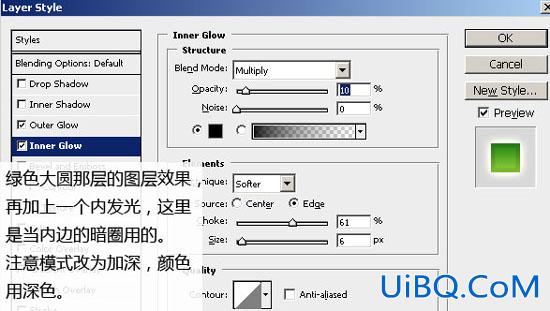 PS教程:Vista风格桌面制作ps教程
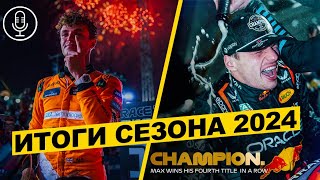 🏁ИТОГИ СЕЗОНА 2024🏁 - FORMULA 1 - ЛИЧНЫЙ ЗАЧЕТ! 🏎️💨 ФОРМУЛЬНЫЙ ПОДКАСТ#1 🎙️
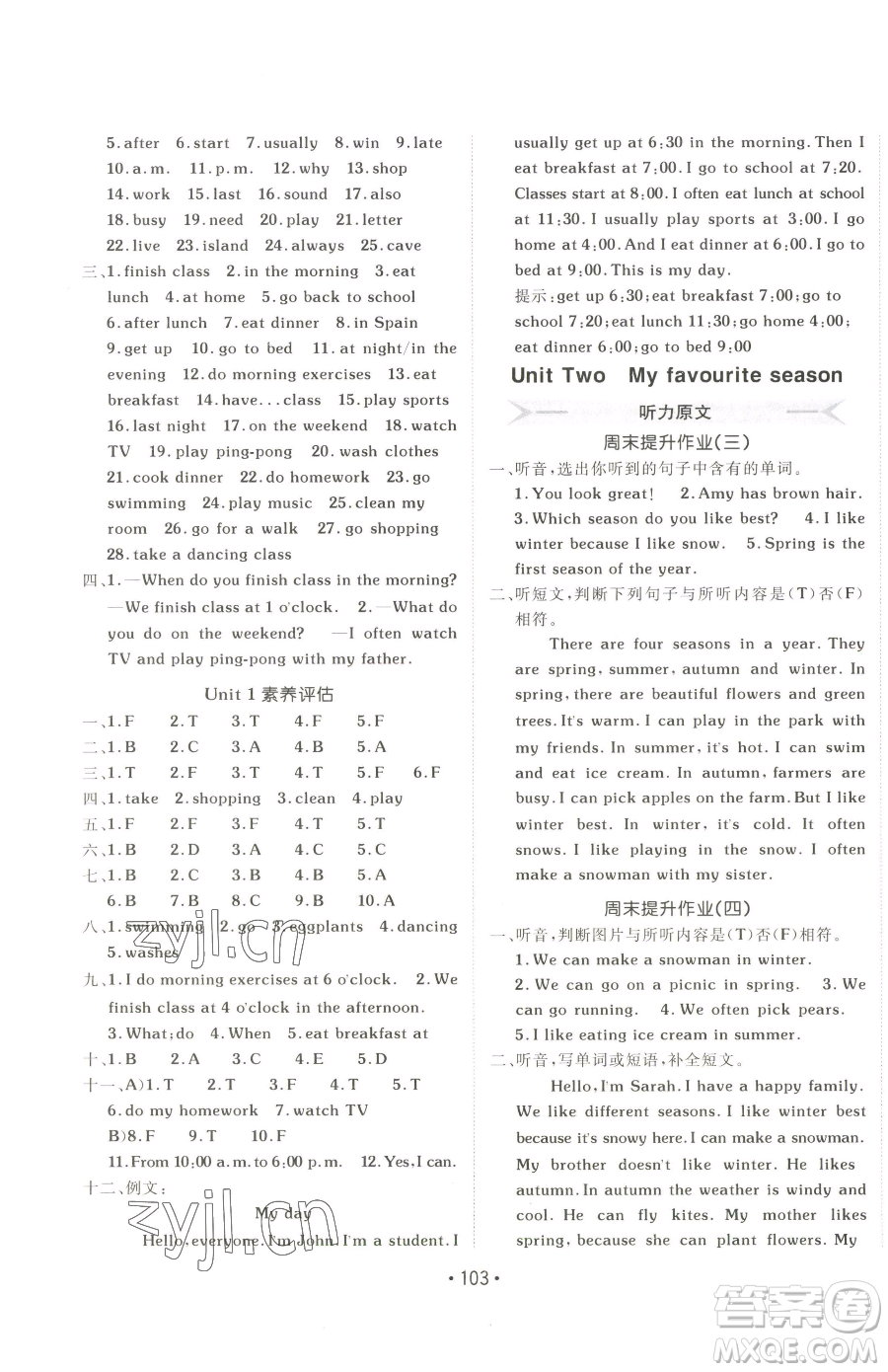 新疆青少年出版社2023同行課課100分過關(guān)作業(yè)五年級下冊英語人教PEP版參考答案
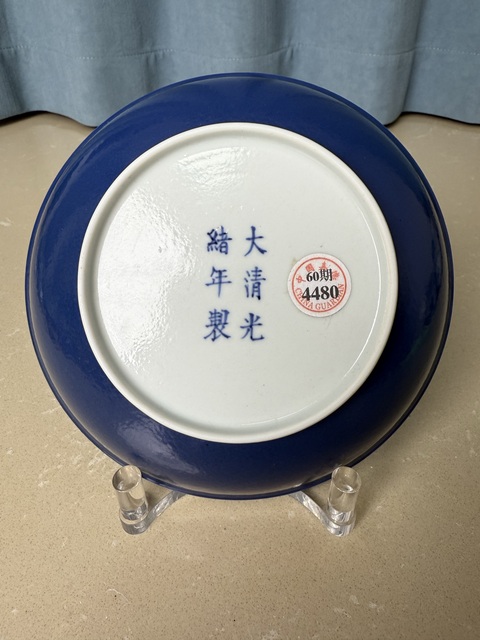 古玩陶瓷清光緒 官窯藍釉盤（官）真品鑒賞圖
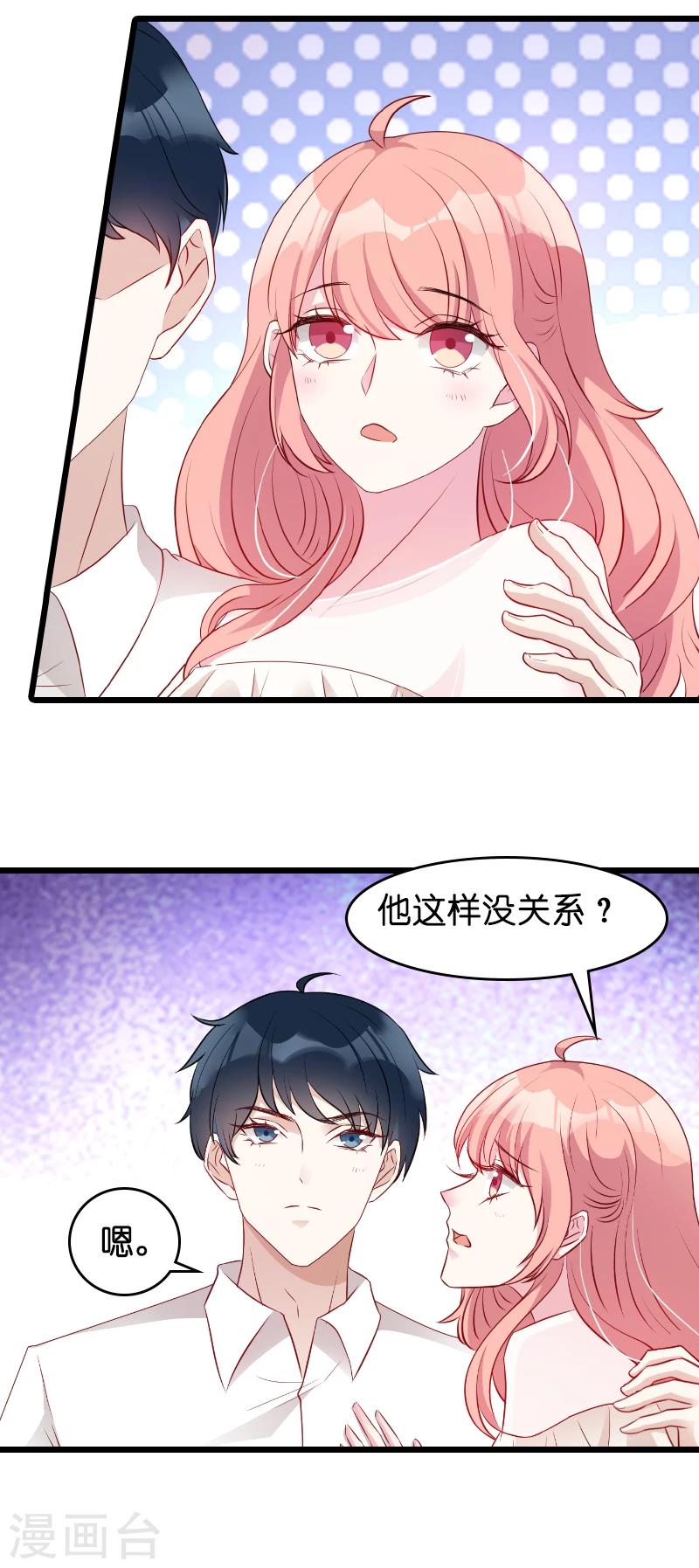 第13话 重温那个夜晚14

● TO DO
From the first record above to the last, output each one exactly and omit the pictures.

● ANSWER FOR THE TASK
 PS教程:Vista风格桌面制作ps教程
 🏁ИТОГИ СЕЗОНА 2024🏁 - FORMULA 1 - ЛИЧНЫЙ ЗАЧЕТ! 🏎️💨 ФОРМУЛЬНЫЙ ПОДКАСТ#1 🎙️
 新疆青少年出版社2023同行課課100分過關(guān)作業(yè)五年級下冊英語人教PEP版參考答案
 古玩陶瓷清光緒 官窯藍釉盤（官）真品鑒賞圖
 第13话 重温那个夜晚14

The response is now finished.